Vibration-Based Damage Detection and Localization in a Historical Bridge
摘要
Within the context of Structural Health Monitoring (SHM) of civil engineering structures, increasing attention has been recently given to development and application of the Deep Learning (DL) framework. Compared to traditional techniques, DL procedure allows to: (a) reduce the dimensionality of the input data; (b) simplify the computational path, not requiring any system identification and (c) implicitly model the environmental and operational variability (EOV) inside the input data. Among the DL architectures, the paper focuses on the use of Sparse Auto-Encoder (SAE) networks, aimed at detecting and localizing structural anomalies or damages.
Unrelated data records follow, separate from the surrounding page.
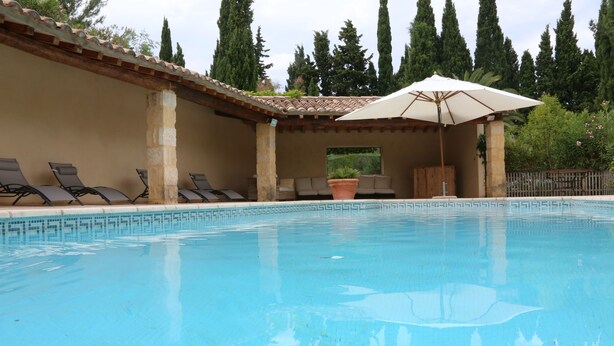 A swimming pool with lounge chairs and an umbrella. - 360 m2 house (Meynes)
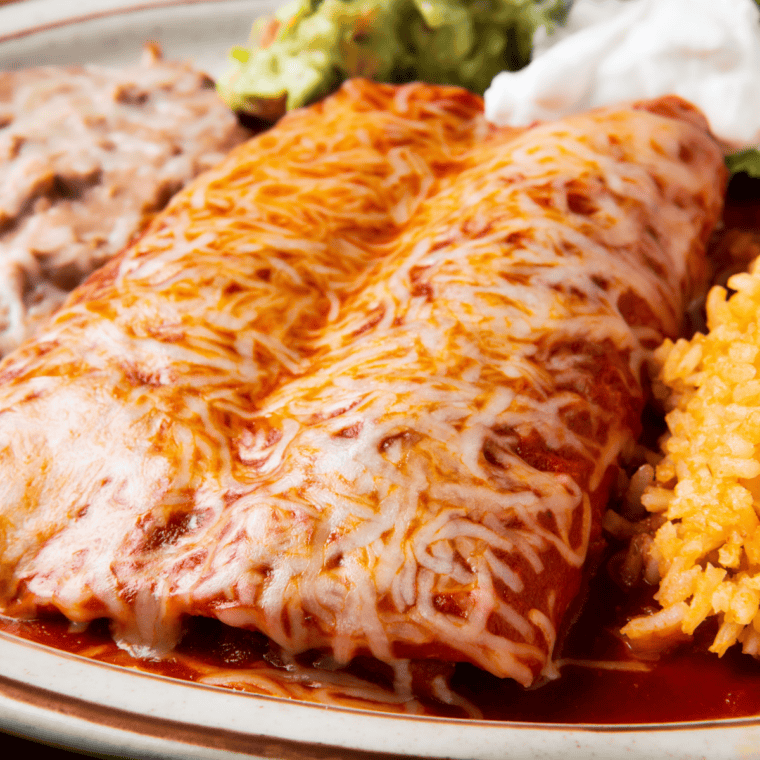 Baked Instant Pot chicken enchiladas garnished with sour cream, guacamole, and cilantro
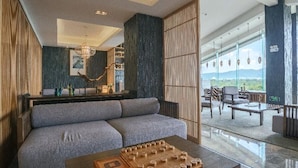 A modern living area with a sofa, coffee table, and a view of the outdoors. - SSAW Boutique Hotel Hangzhou Xixi NanLu - Close to Xixi Wetland Area (Hangzhou)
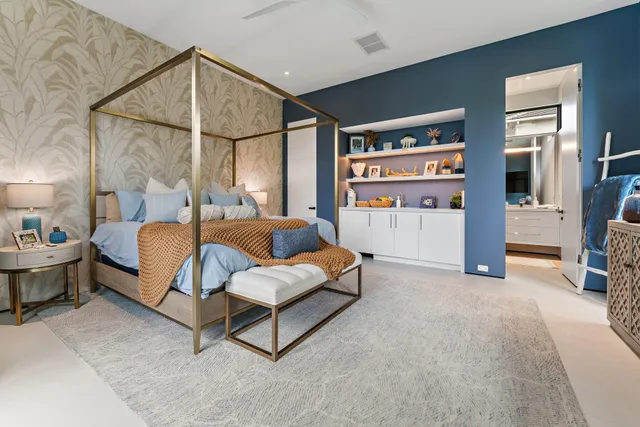 a living room with patio furniture and a floor to ceiling window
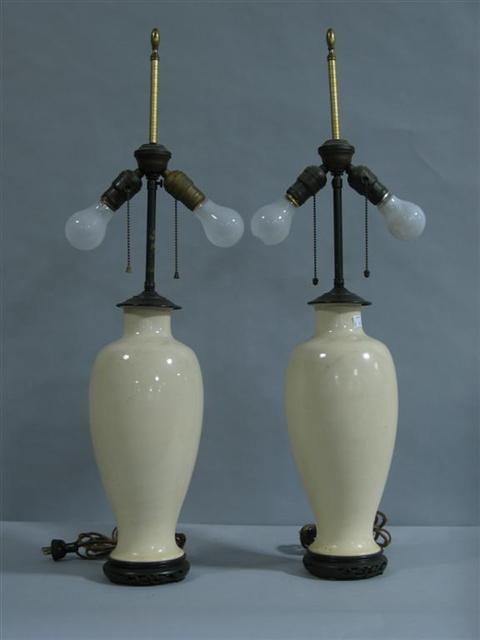 Appraisal: PAIR OF CHINESE CREAM CRACKLE GLAZED LAMPS The porcelain first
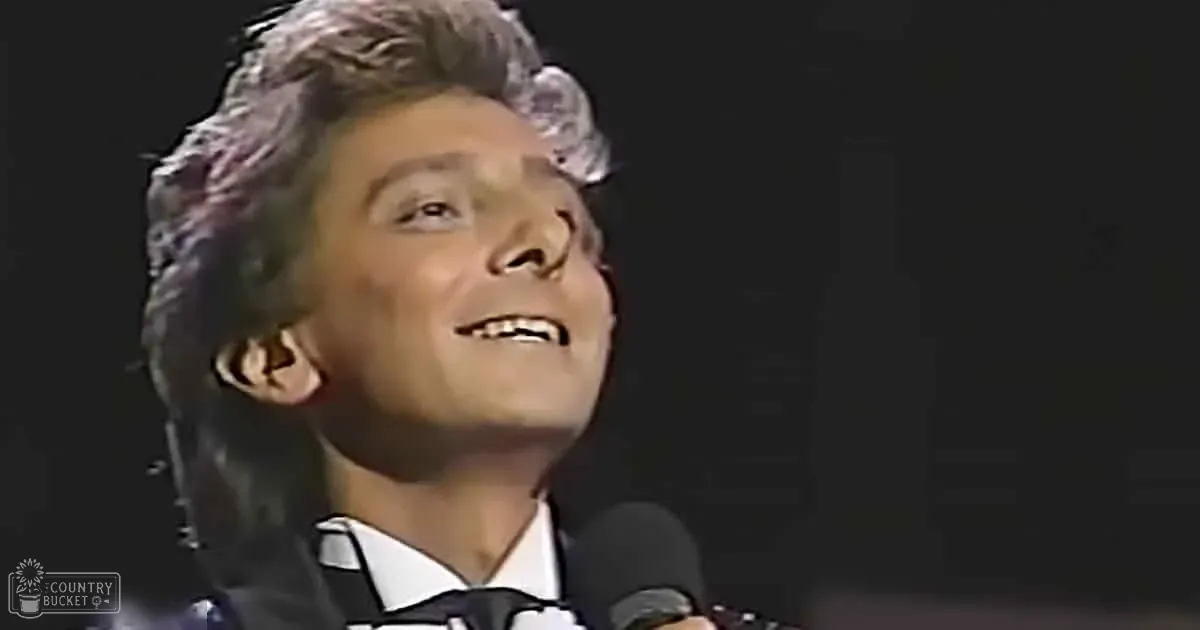 A person with short, curly hair and a white shirt smiles while holding a microphone.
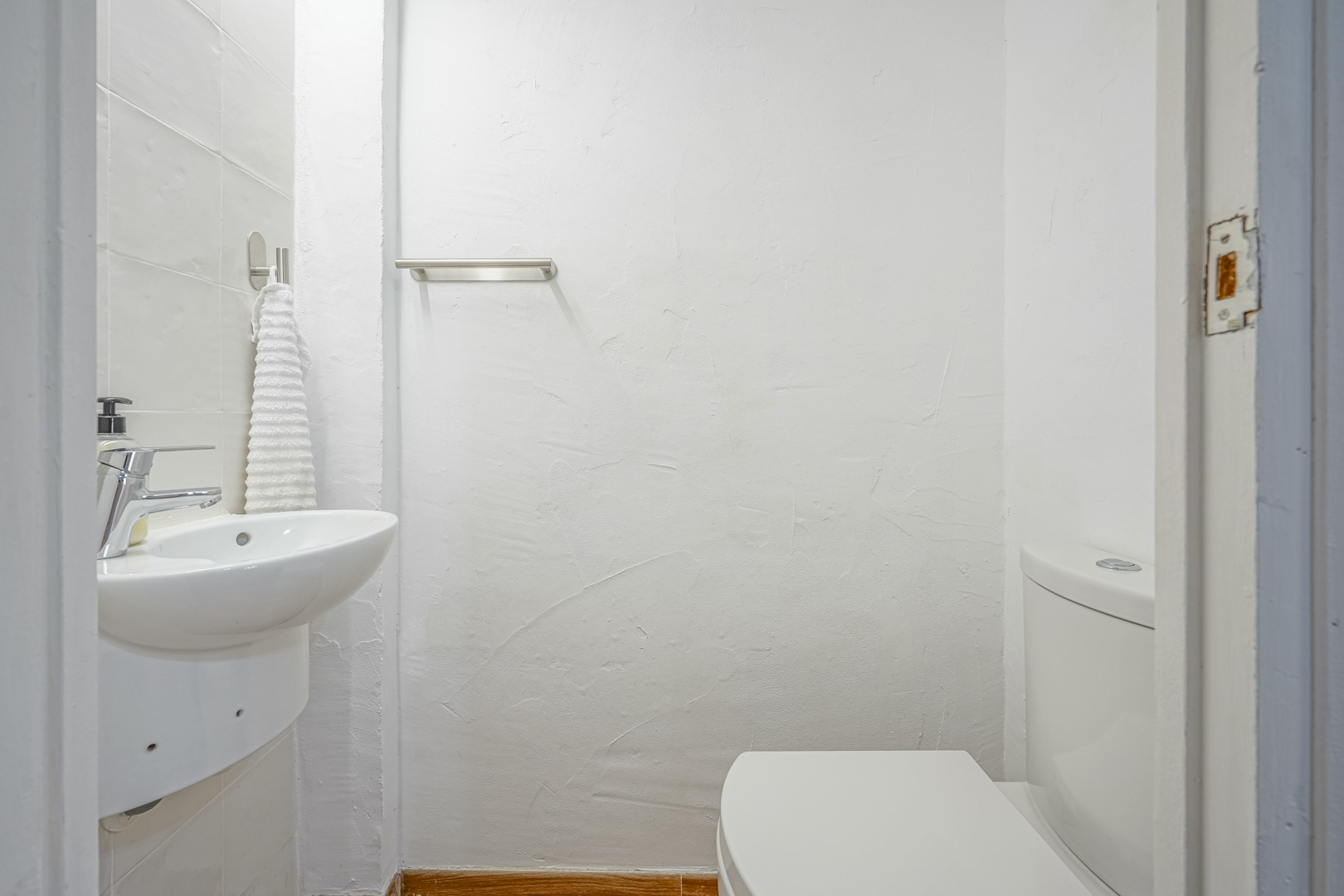 Compact gastentoilet met witte structuurwanden, een hangende keramische wastafel met chromen kraan en een roestvrijstalen handdoekrek.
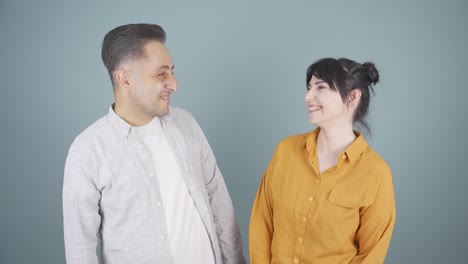 Couple-smiling-at-each-other.-Gestures.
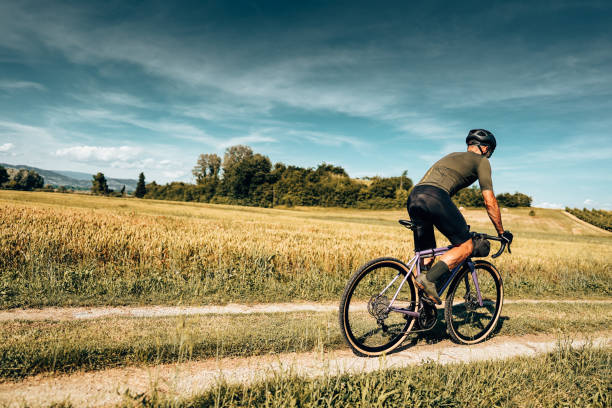 cyclist with gravel bike in italy in the countryside cyclist with gravel bike in italy in the countryside cycling vest photos stock pictures, royalty-free photos & images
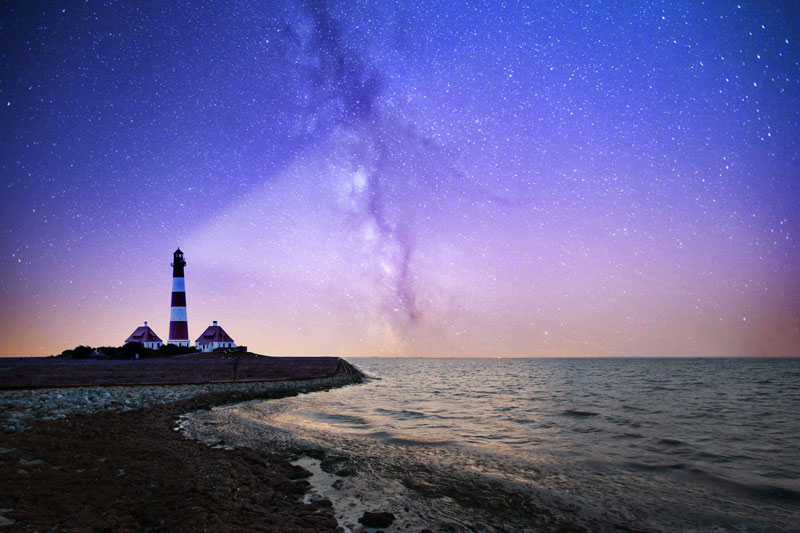 Lighthouse at night with the Milky Way; Photo source: Ansplash; Photographer: Robert Wiedemann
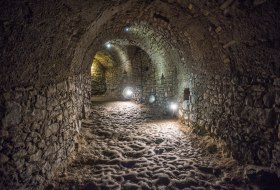 Beleuchteter unterirdischer Gang aus grobem Stein mit unebenem Boden 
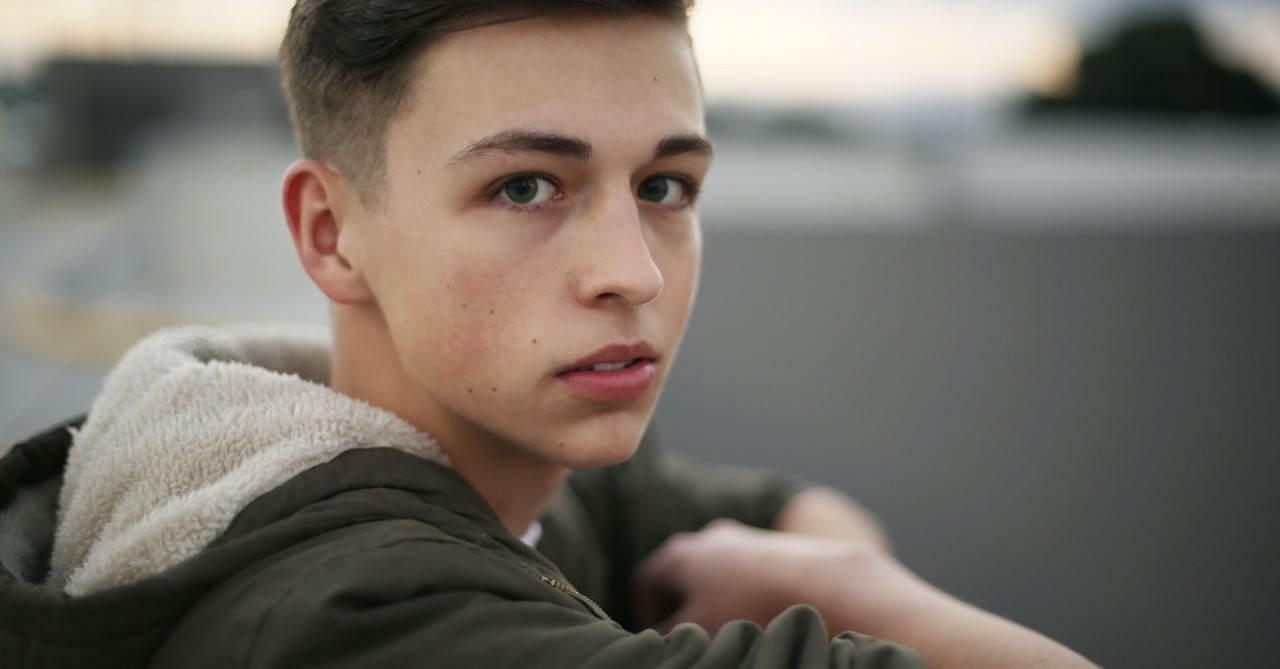 young teenage boy looking at camera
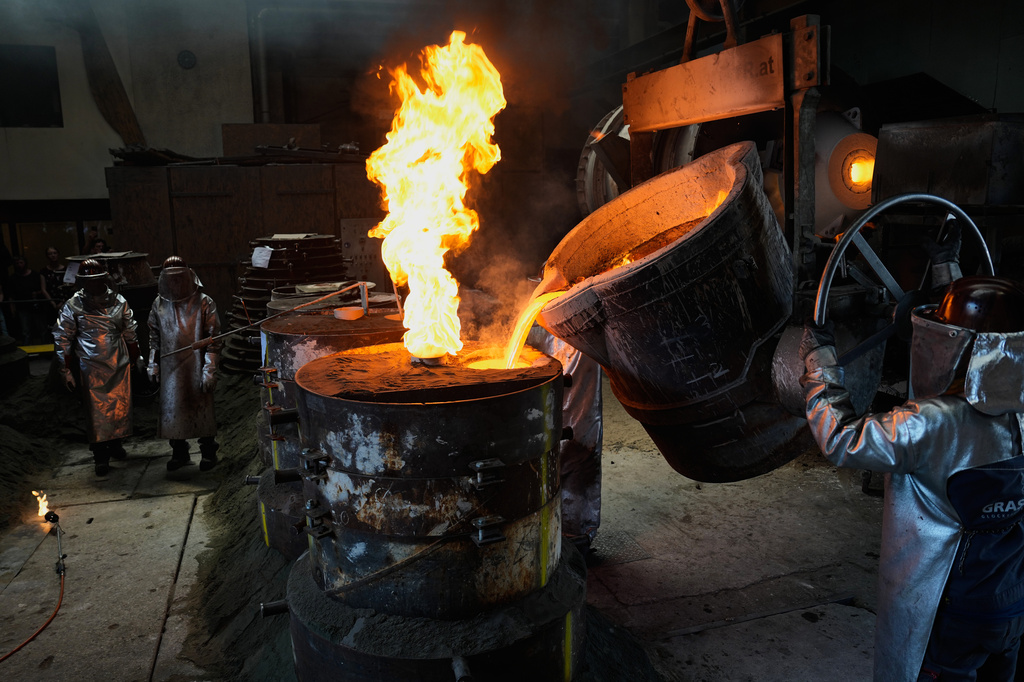 Workers cast bronze bells at the 400-year-old, family-owned Grassmayr bell foundry in Innsbruck, Austria, Friday, July 17, 2026. (AP Photo/Matthias Schrader)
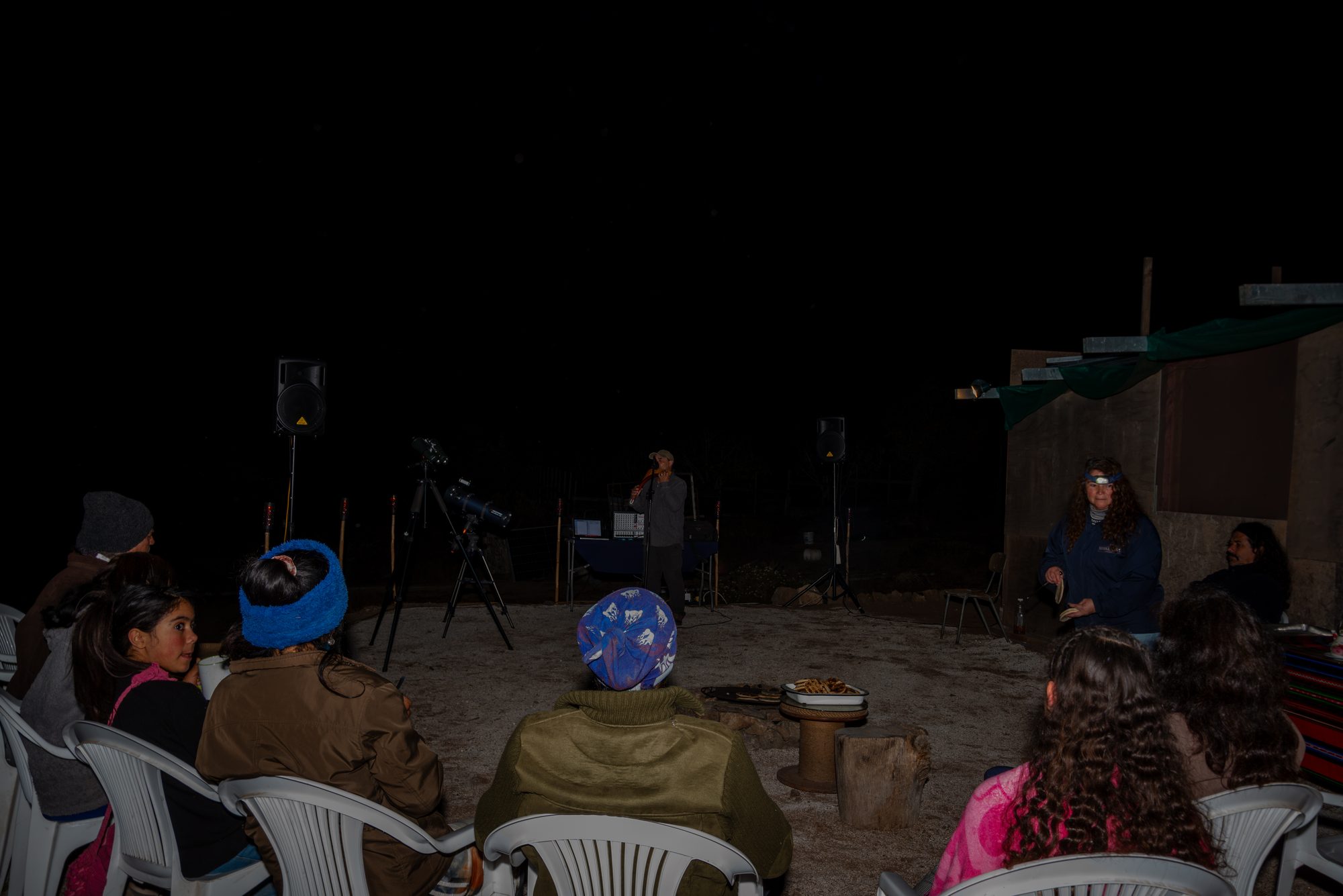 Grupo reunido de noche junto al telescopio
Unlike the usual SAE applications − where a specific SAE network is trained for each channel of data − the signals simultaneously collected by all available channels are used to train a unique SAE network. After training, the resulting network should be capable of accurately reconstructing the newly collected data until the structural condition does not change. On the other hand, an increase of the reconstruction error (i.e., the difference between measured and reconstructed signals) is conceivably expected if the monitored system departs from healthy condition; moreover, the increase in the reconstruction error should be more significant when referring to positions close to damage, so that localization of critical regions is attained as well. The effectiveness of the SAE methodology of damage assessment is demonstrated using accelerations data collected in the monitoring of the historical San Michele iron bridge (1889).